++++ Given information
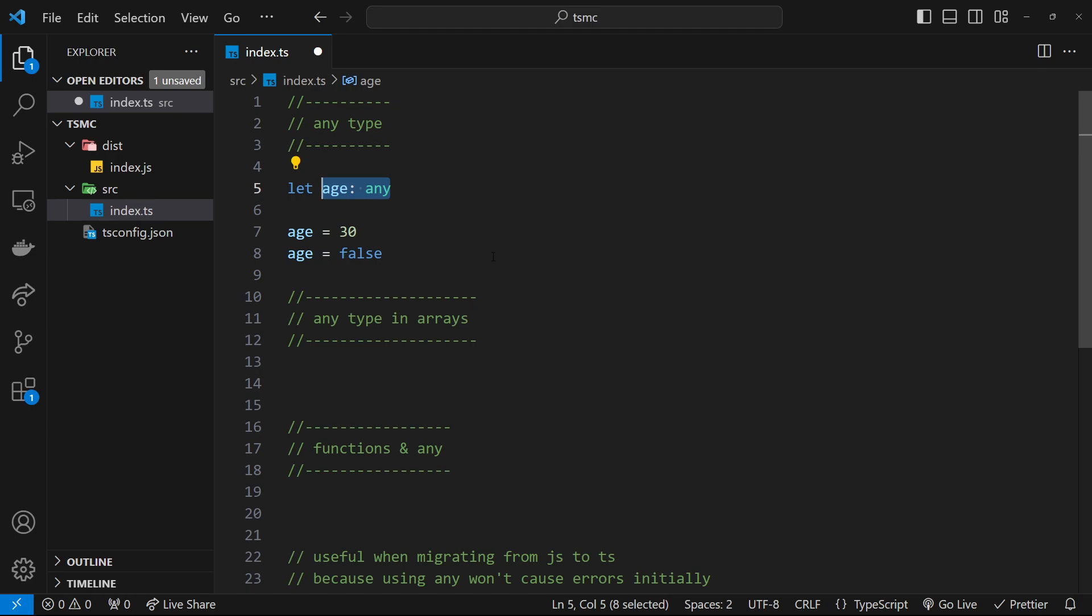So you can think of the any type as like a cheat card, as almost a way to revert back to JavaScript where a variable can take on any type of value interchangeably in the future. And if that's the case, then using the any type is almost like ripping the beating heart out of TypeScript itself.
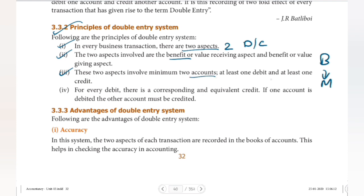Third principle: these two aspects involve a minimum of two accounts — at least one debit account and at least one credit account. However, there are chances that four to five accounts, or even six or seven accounts, can be affected. For example, during sales if a discount is allowed, or a cash or bank transaction is involved, three or more accounts can be affected.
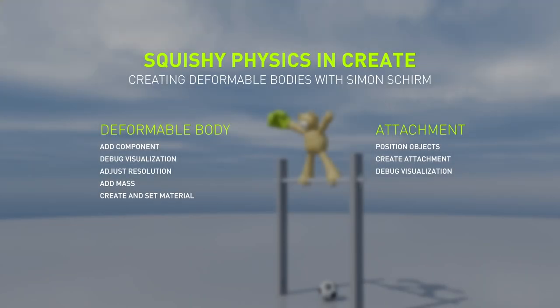Hi, my name is Simon Schirn and I work with the physics team at NVIDIA. I'm going to show you how to set up deformable bodies in Omniverse Create.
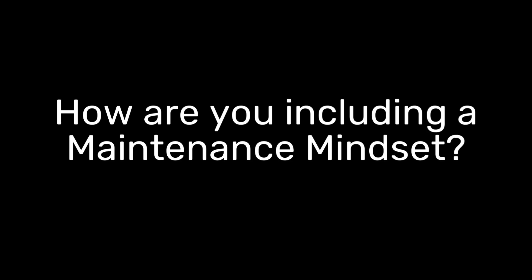How are you and your team including a maintenance mindset in your product development?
++++++++
Leaving out the pictures, reproduce the whole listing above exactly.

◆ Task result ◆
So you can think of the any type as like a cheat card, as almost a way to revert back to JavaScript where a variable can take on any type of value interchangeably in the future. And if that's the case, then using the any type is almost like ripping the beating heart out of TypeScript itself.
Third principle: these two aspects involve a minimum of two accounts — at least one debit account and at least one credit account. However, there are chances that four to five accounts, or even six or seven accounts, can be affected. For example, during sales if a discount is allowed, or a cash or bank transaction is involved, three or more accounts can be affected.
Hi, my name is Simon Schirn and I work with the physics team at NVIDIA. I'm going to show you how to set up deformable bodies in Omniverse Create.
How are you and your team including a maintenance mindset in your product development?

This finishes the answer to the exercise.